[Brief descriptive captions]

----

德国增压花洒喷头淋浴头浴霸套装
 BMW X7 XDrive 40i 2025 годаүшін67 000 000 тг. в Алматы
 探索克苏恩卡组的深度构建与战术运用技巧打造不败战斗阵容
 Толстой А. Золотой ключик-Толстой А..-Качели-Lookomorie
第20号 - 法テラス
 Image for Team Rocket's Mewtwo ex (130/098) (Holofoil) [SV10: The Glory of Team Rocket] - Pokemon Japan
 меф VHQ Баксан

----

Your instructions ->
The records above are to be copied out exactly, line for line.

Task result ->
德国增压花洒喷头淋浴头浴霸套装
 BMW X7 XDrive 40i 2025 годаүшін67 000 000 тг. в Алматы
 探索克苏恩卡组的深度构建与战术运用技巧打造不败战斗阵容
 Толстой А. Золотой ключик-Толстой А..-Качели-Lookomorie
第20号 - 法テラス
 Image for Team Rocket's Mewtwo ex (130/098) (Holofoil) [SV10: The Glory of Team Rocket] - Pokemon Japan
 меф VHQ Баксан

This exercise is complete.